Working with data whose distribution is heavily uneven has been challenging. This work proposed an intuitive approach to finding parameters for enhanced DBSCAN. However, since the parameters are defined by prioritizing the filtering out of outliers, the results are not optimal for datasets where the outliers are valuable observations. For example, in some datasets, the majority of the point data is concentrated in port areas. The proposed algorithm will mistakenly detect the main trajectories as outliers based on how the parameters are defined. Furthermore, some datasets are not distinct enough in certain stages to be separated from each other. Thus, the proposed parameter selection method can be unreliable when obtaining clusters composed of homogenous points.
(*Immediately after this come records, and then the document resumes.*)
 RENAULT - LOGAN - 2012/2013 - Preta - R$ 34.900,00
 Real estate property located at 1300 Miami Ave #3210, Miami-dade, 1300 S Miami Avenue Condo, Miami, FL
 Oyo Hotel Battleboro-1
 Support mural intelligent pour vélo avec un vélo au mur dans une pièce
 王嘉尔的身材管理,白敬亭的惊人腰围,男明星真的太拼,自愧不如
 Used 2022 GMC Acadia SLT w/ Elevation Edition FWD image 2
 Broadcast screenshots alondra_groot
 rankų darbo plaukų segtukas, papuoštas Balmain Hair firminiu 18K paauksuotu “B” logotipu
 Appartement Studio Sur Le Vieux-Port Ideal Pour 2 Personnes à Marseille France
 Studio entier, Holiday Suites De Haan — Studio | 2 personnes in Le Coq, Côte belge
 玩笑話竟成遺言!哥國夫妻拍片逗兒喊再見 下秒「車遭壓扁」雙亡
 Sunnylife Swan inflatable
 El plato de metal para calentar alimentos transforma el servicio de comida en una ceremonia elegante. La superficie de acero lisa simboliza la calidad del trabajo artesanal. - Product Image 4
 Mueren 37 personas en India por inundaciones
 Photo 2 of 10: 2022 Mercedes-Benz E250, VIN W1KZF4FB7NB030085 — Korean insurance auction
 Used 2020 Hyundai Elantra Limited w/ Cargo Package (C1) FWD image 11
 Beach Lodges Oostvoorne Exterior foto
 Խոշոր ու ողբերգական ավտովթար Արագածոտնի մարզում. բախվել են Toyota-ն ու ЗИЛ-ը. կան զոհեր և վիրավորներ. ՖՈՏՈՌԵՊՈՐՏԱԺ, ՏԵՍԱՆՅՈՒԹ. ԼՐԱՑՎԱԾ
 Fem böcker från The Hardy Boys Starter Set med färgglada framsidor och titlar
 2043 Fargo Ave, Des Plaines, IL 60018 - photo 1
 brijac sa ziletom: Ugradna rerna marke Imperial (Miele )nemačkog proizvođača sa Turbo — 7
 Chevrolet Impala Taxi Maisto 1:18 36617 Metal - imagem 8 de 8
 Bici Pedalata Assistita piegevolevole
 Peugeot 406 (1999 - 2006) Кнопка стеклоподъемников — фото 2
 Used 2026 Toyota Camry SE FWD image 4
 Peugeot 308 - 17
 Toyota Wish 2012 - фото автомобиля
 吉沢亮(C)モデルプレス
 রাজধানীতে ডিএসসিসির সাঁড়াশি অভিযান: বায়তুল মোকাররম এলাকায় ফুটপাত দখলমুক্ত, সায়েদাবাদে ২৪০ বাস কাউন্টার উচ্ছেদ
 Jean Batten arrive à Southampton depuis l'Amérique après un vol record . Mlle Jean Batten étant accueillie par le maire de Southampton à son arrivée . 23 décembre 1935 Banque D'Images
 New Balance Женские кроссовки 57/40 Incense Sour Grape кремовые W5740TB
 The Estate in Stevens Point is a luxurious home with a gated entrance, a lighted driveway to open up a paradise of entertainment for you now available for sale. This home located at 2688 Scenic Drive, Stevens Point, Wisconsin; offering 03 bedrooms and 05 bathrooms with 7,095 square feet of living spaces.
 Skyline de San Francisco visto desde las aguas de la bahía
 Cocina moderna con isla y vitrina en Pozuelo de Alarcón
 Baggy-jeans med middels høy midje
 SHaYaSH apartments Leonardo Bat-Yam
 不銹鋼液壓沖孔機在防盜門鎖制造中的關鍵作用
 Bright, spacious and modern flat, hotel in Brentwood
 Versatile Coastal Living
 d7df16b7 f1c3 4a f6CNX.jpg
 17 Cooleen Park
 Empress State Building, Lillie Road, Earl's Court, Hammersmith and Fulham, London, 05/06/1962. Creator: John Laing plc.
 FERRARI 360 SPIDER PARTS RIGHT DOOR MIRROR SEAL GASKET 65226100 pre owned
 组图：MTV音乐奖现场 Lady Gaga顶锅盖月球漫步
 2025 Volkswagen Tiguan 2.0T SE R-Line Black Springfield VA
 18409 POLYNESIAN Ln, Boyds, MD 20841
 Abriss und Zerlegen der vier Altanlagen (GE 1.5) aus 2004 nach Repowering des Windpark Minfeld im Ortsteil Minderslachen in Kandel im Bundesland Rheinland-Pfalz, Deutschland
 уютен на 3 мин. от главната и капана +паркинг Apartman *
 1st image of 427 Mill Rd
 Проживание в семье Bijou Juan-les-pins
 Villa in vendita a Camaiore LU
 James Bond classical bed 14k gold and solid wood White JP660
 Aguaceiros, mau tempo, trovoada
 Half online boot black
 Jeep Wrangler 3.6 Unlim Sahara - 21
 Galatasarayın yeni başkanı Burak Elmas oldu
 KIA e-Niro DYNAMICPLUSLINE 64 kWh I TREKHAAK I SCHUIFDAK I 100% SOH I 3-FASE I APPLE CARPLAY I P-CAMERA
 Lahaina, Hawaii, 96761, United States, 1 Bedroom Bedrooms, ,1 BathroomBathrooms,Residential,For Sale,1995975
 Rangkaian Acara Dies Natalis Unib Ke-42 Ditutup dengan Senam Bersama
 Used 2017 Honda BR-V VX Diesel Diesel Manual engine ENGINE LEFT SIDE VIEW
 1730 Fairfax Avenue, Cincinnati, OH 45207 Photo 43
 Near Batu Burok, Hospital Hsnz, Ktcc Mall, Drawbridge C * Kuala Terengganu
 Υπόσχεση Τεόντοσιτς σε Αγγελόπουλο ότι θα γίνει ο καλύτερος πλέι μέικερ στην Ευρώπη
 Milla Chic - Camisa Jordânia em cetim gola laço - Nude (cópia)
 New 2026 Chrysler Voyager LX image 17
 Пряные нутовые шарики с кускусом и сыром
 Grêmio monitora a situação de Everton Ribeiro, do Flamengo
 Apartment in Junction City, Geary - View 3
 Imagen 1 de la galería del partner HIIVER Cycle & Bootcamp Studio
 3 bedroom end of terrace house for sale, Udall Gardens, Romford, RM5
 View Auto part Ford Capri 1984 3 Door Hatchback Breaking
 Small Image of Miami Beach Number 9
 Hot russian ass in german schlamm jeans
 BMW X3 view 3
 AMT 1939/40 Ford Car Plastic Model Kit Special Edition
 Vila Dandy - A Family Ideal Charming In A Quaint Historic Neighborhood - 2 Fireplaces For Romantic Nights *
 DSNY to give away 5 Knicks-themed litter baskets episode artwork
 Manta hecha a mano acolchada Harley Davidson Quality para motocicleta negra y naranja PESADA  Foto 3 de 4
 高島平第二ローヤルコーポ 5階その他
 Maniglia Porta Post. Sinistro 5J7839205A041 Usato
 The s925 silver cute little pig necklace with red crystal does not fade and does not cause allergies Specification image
The parameter setting still requires adjustments from the user, and a more automated modification should be planned in the future.
While the limitations listed above need to be addressed, there are also two additional aspects of the research that can be expanded in the future. First, the proposed clustering method works on five-dimensional point data taken from a specific point in time, and the profile behaviours are determined based on the clustering results without considering the trajectory. A long short-term-memory (LSTM) concept could be applied to the clustering process by integrating another time dimension. For example, the vector data could be influenced by its behaviour history and giving more weight to the immediately preceding vectors. By doing this, data could be more accurately profiled, and the generated model could make better behaviour predictions. Second, the framework could be further modified into an active learning model with an interactive labeling process. The clustering framework can generate accurate clustering results with minimal human effort and computational cost by iteratively returning the least reliable clustering results from the unsupervised component and manually modifying the labels. Beyond the machine learning and data mining methods mentioned in this paper, such as k-means, KNN, and SVM, we also plan to expand our investigation to include unsupervised neural networks, such as deep k-means and autoencoder types.